Kolektif olmanın öyle güzel yanları var ki. Bu 2 senede evlendik, istifa ettik, bebeklerimiz oldu, sevdik, ayrıldık, dertleştik, içtik, güldük, sinirlendik, tartıştık, para kazandık, eşit olduk, ortak olduk, kamp yaptık… Romantik olmasın demiştim ama yine kaçtı parmaklarımdan. Şimdi her işini sanal ortamda yapan küçük bir kolektifiz / bir kooperatifiz / ortaklarız / dostlarız. Hani her konuda güven diyoruz ya, geleceğe, iş arkadaşına, dostuna, işte o güveni biz inşa ettik. Kolektiflerde açık ve şeffaf iletişim kurmak kaçınılmazdır. Bu bazen sert gelebilir ama sistem oturduktan sonra bir alışkanlığa dönüşür. Albatros’ta da işlerin böyle yürüyor olması o güvenin inşasında çok önemli bir yapı taşı vazifesi görüyor.

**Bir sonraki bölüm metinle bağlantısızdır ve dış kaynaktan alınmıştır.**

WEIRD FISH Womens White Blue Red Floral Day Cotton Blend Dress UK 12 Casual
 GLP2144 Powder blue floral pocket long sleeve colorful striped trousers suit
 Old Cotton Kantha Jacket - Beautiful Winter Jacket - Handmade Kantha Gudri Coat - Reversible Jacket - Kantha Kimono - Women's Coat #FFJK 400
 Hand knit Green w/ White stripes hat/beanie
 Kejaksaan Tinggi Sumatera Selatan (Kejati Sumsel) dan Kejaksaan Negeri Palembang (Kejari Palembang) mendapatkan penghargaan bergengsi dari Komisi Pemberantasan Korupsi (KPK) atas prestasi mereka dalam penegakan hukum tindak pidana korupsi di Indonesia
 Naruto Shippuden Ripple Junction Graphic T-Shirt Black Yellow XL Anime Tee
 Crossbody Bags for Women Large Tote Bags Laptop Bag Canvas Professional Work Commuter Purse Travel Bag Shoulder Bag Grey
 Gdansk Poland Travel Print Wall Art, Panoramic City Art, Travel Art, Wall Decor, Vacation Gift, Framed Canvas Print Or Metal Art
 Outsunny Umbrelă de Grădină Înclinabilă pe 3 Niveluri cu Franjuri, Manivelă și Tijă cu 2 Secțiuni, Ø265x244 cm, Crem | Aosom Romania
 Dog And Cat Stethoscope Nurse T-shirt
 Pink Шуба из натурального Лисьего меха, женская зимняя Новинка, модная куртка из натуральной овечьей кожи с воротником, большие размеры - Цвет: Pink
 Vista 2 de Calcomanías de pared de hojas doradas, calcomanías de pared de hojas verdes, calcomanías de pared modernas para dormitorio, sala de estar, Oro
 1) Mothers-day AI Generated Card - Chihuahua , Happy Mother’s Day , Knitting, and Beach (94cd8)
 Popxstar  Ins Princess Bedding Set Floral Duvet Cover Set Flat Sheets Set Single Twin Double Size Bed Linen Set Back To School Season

Halâ resmi olarak kooperatifi kurmadık, ki bunun için 2 sene uzun bir süre diye düşünüyordum eskiden, ama şimdi sadece bürokratik işler olarak görüyorum o kurulum prosedürlerini. Albatros Bilişim Kooperatifi Girişimi’nin ülkemizin bilişim sektörüne çaldığı maya tuttu. Bunun bir parçası olmak gurur verici gerçekten. Ben bu yapının ancak 1/10’uyum belki ama o bütün zaten biziz…
İlk Taşı Atan
Ya yine dokturmussun be gozum, kalemine saglik. Ne zaman olur bilmiyorum ama bir gun tum gucumle geri gelecegim.